Jacques DDonato et Philippe Lacarrière

Les Vendredis Café-doc’, une fois par mois à Cerny, sont des projections vidéo de films documentaires suivis d’un débat convivial sur des sujets variés qui touchent chacun d’entre nous : société, écologie, service public, immigration…

L’association propose également un atelier hebdomadaire de sculpture à Cerny, animé par Guillaume Roche, sculpteur diplômé et pilier de l’association.

On notera également le match musical Bordeaux contre Bourgogne. Née autour d’une table, cette mise en scène est issue des disputes vignobl’amicales entre Franck Tortiller, bourguignon d’origine et Philippe Laccarrière, bordelais. Pour ponctuer leurs querelles A.O.C, ils ont convié la comédienne Dominique Devals à lire des textes vinifiés, autour d’une dégustation : « Un spectacle grand cru, à consommer... sans modération ! »

Pour la saison 2013, l’association propose les samedis matins précédant les concerts du dimanche des Conf’écoute, en rapport avec les concerts qui ont lieu dans le même lieu le lendemain, animées par Philippe Laccarrière avec comme thématique « Les courants du jazz », « Des voix dans le jazz », « L’utilisation de l’électronique dans le jazz »... illustrées par l’écoute de disques spécialement sélectionnés pour l’occasion.

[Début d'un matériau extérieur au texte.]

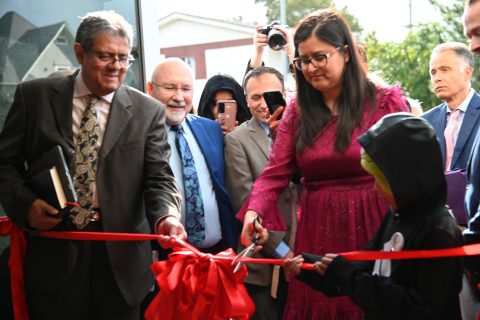 A ribbon-cutting ceremony initiated the church status celebration. Diaz (right) cuts the ribbon as Salazar (left) holds it in place.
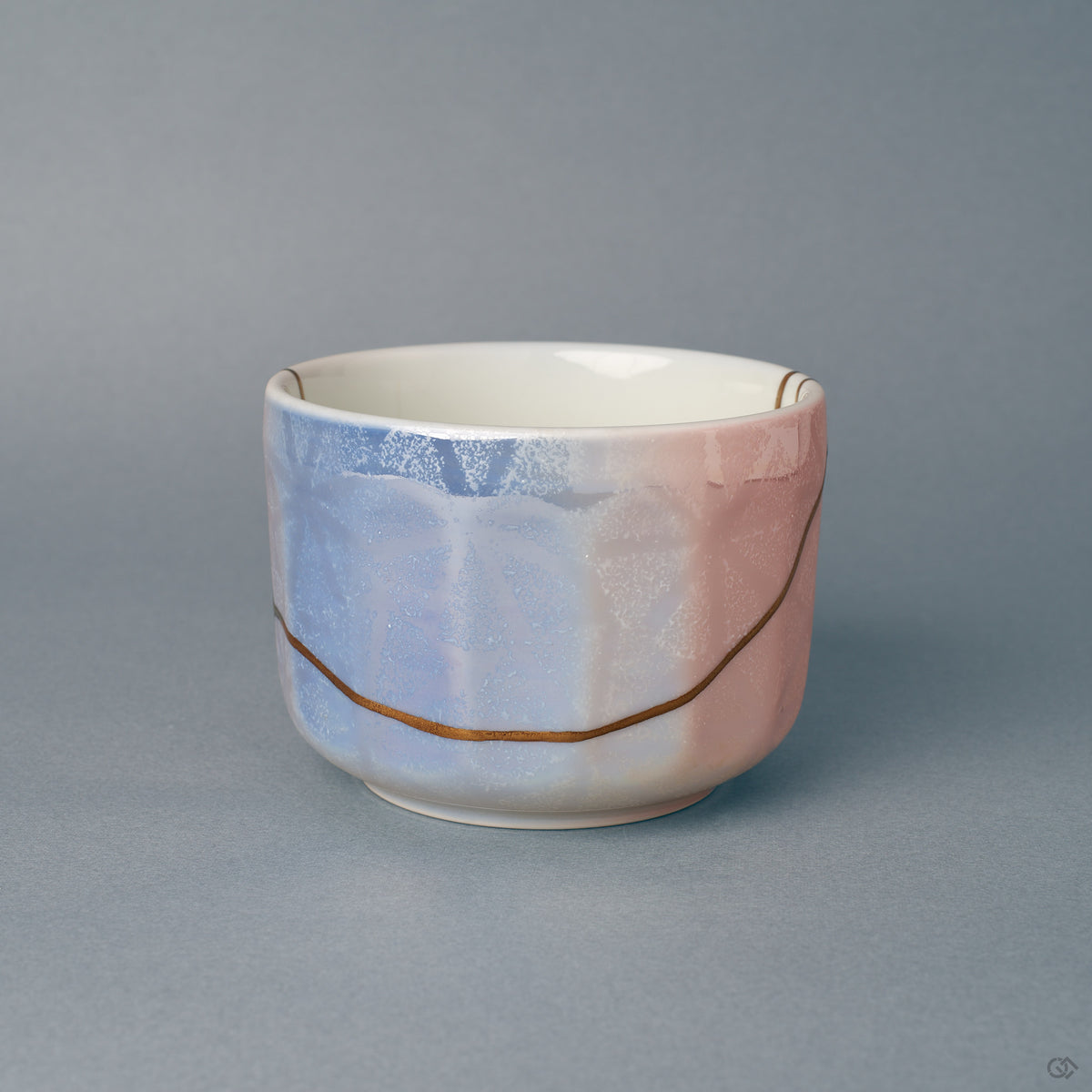 The blush-pink side of this rounded matcha bowl, a gold kintsugi seam following it, one-of-a-kind in glaze and restoration.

La démarche militante de l’association Au Sud du Nord est donc salutaire, de part les alliances artistiques qu’elle défend dans un paysage culturel français où les différentes formes d’art se mélangent finalement assez peu, les nombreux rendez-vous qu’elle propose, la fidélité qu’elle accorde à de nombreux artistes, l’accessibilité des musiques proposées, les tarifs modestes loin de ceux pratiqués dans certains clubs et la diversité des lieux qu’elle occupe dans une région où la diffusion du jazz est souvent réduite aux salles de la capitale ou des banlieues proches. Pour les parisiens et banlieusards souvent plus intéressés à fréquenter les scènes intra-muros, on ne peut que vous conseiller d’aller prendre une bouffée d’air pur dans les campagnes vertes de l’Essonne lors d’une des nombreuses manifestations organisées par cette belle association.